As the sun rose, the Native American Navajo tribe members would rejoice to the sun
Bluebird said “Get up my grandchild,
its dawn” it said to me.
I was born in Spring. Gold shades mixed with orange of the sun, as it began to fade as I came into the world, the late afternoon breeze caught in the oak trees that lined the street. You died when I was one year old. You left behind a bluebird necklace for me. A little bird of cobalt blue stone, with twinkling silver backing. So small, and delicate. You gave me the necklace when I was born. It was just for me. Is it because of you that I love Spring? Did you rejoice when I was born? Just like the Native Americans did for the new dawn? We had just met and then I lost you, you died. You died having known me, having loved me.
But I don’t remember you?
As I grew I saw photos of you, and when I look at them I think I know you, your warm face, smiling, a crooked upturning smile, deep coloured eyes and a long slender neck. I see photos in black and white of you holding my father when he was also one year old, I look like him, smiling with complete freedom, sparkling eyes, full of wonder and excitement, sun hitting his face, filling me with warmth, colour felt amongst the black and white. I hear you were my father’s favourite grandmother, he called you Nanna, and I call his mother Nanna. Stories tell me he used to ride his bike for miles to see you. Nanna now lives in your house and she drinks from your tea cups, rimmed in gold. I loved watching her drink from those when I was a young girl. I imagined what gold would feel like on my lips. I have photos of her holding me and she is wearing a bright red jumper, and I am smiling, full of wonder. I am only one year old.

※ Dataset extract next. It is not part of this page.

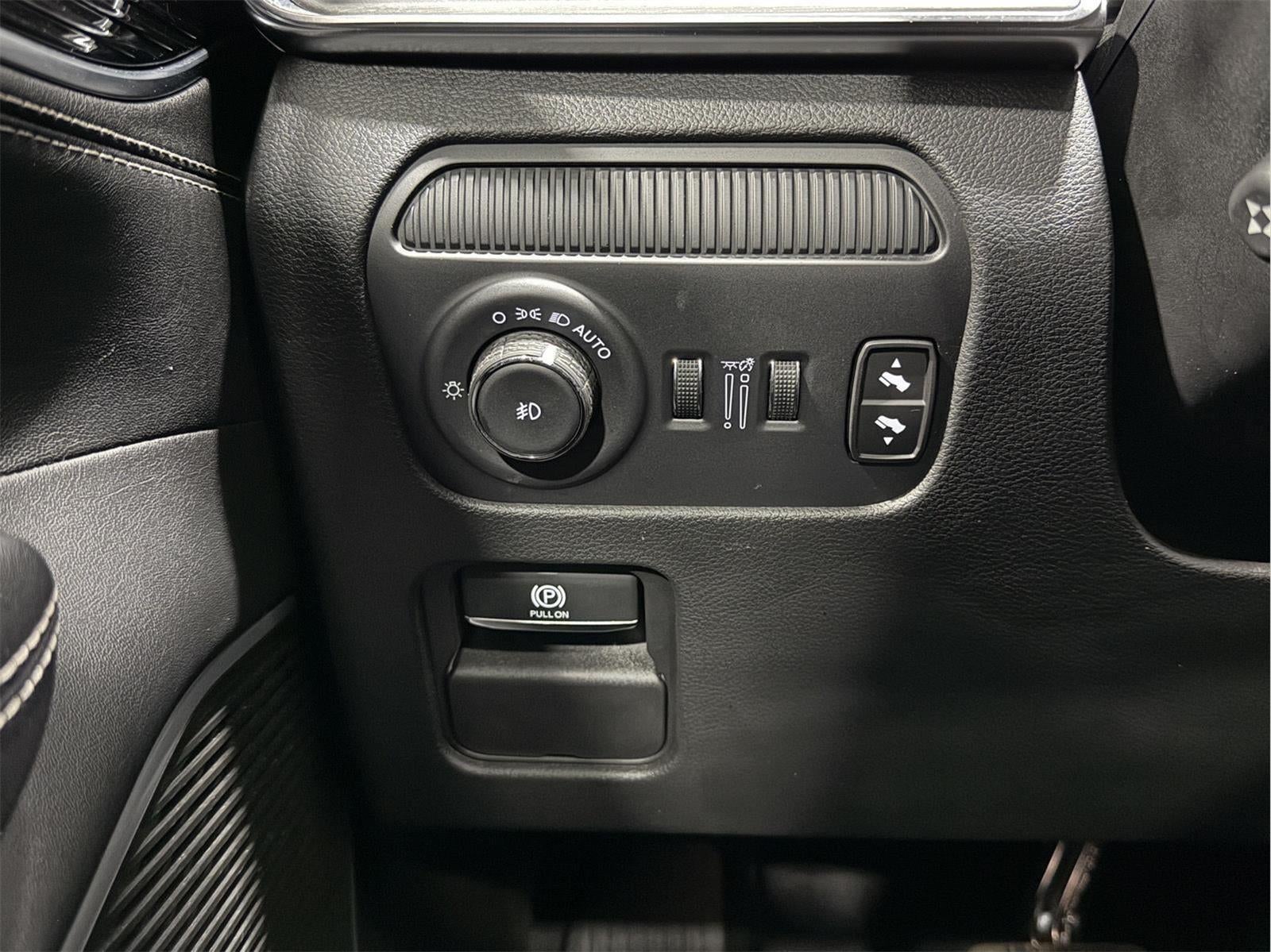 2024 Jeep Wagoneer L Series II Carbide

I wonder if you loved me like he loved you.
I secretly would play with the necklace. Mum said she was saving it for me for when I was grown up. She said it was special. I knew how special it was because it was hidden away in a draw, a draw of wonder where Mum kept all the special things. The necklace was special because it came from you. I remember when I took the necklace. I opened the draw and all these beautiful things came flooding out, the smell of incense filled my nose, catching my breathe, small beautiful images of the things Mum kept in there, there were little bowls and pieces of smooth coloured glass, letters written from her mother, her distinct curvature writing, a statue of St Christophe, protect the travellers, and there was the necklace, in a little leather covered box. Holding it in my small hands, I slowly opened the lid; the bird lay flat on the silk backing. The iridescent colour of blue shining, it was so beautiful. Why did I take it? I held the bird in my hand, tight, drawing breathe and then running from Mums room to mine, I remember just holding it and looking at it. It was my bluebird. The bird released from the cage. It was the bluebird you gave me and I was ready to have it.

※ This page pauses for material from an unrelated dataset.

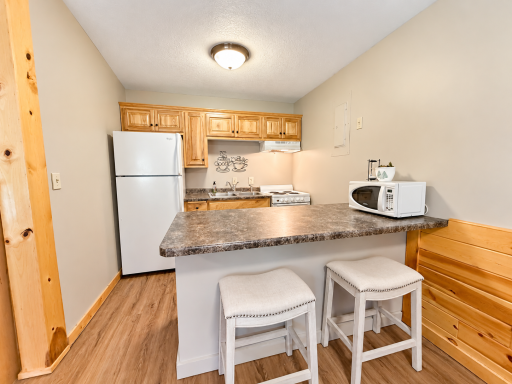 Kitchen and countertop seating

I wonder where you are now little bluebird?
What are you telling me lost little bluebird?
Are you telling me much more than the lack of your presence? Can my renewal exist without you in my life? Will Springtime come again? Is this showing me much more about my broken spirit, my broken happiness? Did your grandmother know that when she gave me symbol of happiness that it would slip through my grasp? Why can’t I remember how I lost you?